Boston Red Sox's David Ortiz speaks to the crowd before a baseball against the Kansas City Royals in Boston, Saturday, April 20, 2013. (Michael Dwyer/AP)

When David Ortiz took the microphone at Fenway Park on Saturday the crowd roared with delight. Big Papi was back, baseball was back, Boston was back. For the injured Ortiz, this was his first game of the season with the Red Sox. His speech was the culmination of an emotional pre-game ceremony that included all manner of moving tributes and grand pronouncements. Ortiz got to give the final word before the game began.

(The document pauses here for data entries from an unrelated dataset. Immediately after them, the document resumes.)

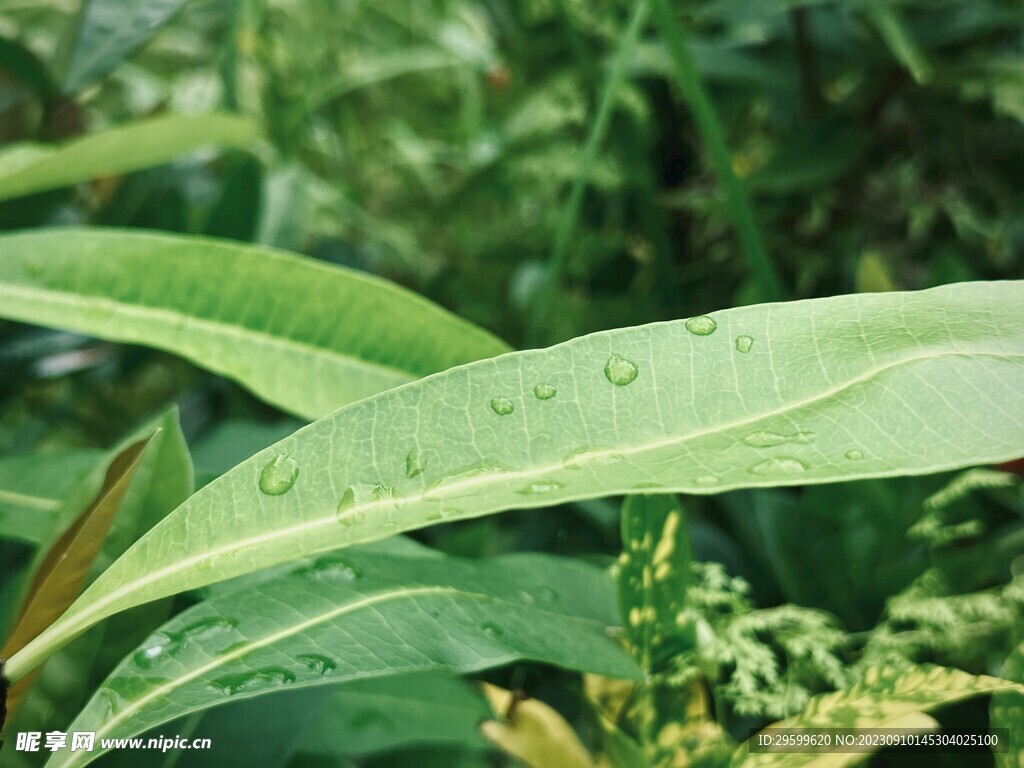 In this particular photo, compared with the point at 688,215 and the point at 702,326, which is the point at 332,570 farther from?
the point at 688,215

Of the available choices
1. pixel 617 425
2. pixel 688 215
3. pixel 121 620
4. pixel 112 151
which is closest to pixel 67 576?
pixel 121 620


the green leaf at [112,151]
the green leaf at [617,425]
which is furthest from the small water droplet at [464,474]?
the green leaf at [112,151]

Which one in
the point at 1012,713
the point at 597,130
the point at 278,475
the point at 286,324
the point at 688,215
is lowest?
the point at 1012,713

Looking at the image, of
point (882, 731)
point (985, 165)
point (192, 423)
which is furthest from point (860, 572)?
point (192, 423)

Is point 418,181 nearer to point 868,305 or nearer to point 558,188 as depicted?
point 558,188

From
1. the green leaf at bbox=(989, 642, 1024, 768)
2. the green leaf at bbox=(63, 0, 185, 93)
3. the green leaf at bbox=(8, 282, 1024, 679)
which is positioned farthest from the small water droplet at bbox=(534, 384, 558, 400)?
the green leaf at bbox=(63, 0, 185, 93)

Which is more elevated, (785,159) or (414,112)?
(414,112)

This is our #%&!ing city. And nobody gonna dictate our freedom.

– David Ortiz

“Alright. Alright, Boston.” (Big cheer from the crowd.) “This jersey that we wear today, it doesn’t say Red Sox. It say Boston.” (Bigger cheer. Ortiz’s Dominican accent makes jersey sound like “chersey.”) “We want to thank you Mayor Menino, Governor Patrick and the whole police department for the great job they did this past week.” (Big cheer. Pause. Then out with it.) “This is our #%&!ing city.” (Huge gasping cheer of amazement. A woman in the row behind me tapped me on the shoulder. “Did he just say what I think he said?”) “And nobody gonna dictate our freedom.” (Cheering intensifies combined with laughter.) “Stay strong. Thank you.”

Ortiz’s declaration was like lancing a boil. After a week of tragedy and terror, his profane and patriotic response felt so good. It was quintessential Boston — honest, combative, and funny. In your face, shutdown, lockdown, shelter-in-place. His words were real and spontaneous, compared to the highly scripted, often over-the-top self-congratulatory tributes about perseverance and resilience.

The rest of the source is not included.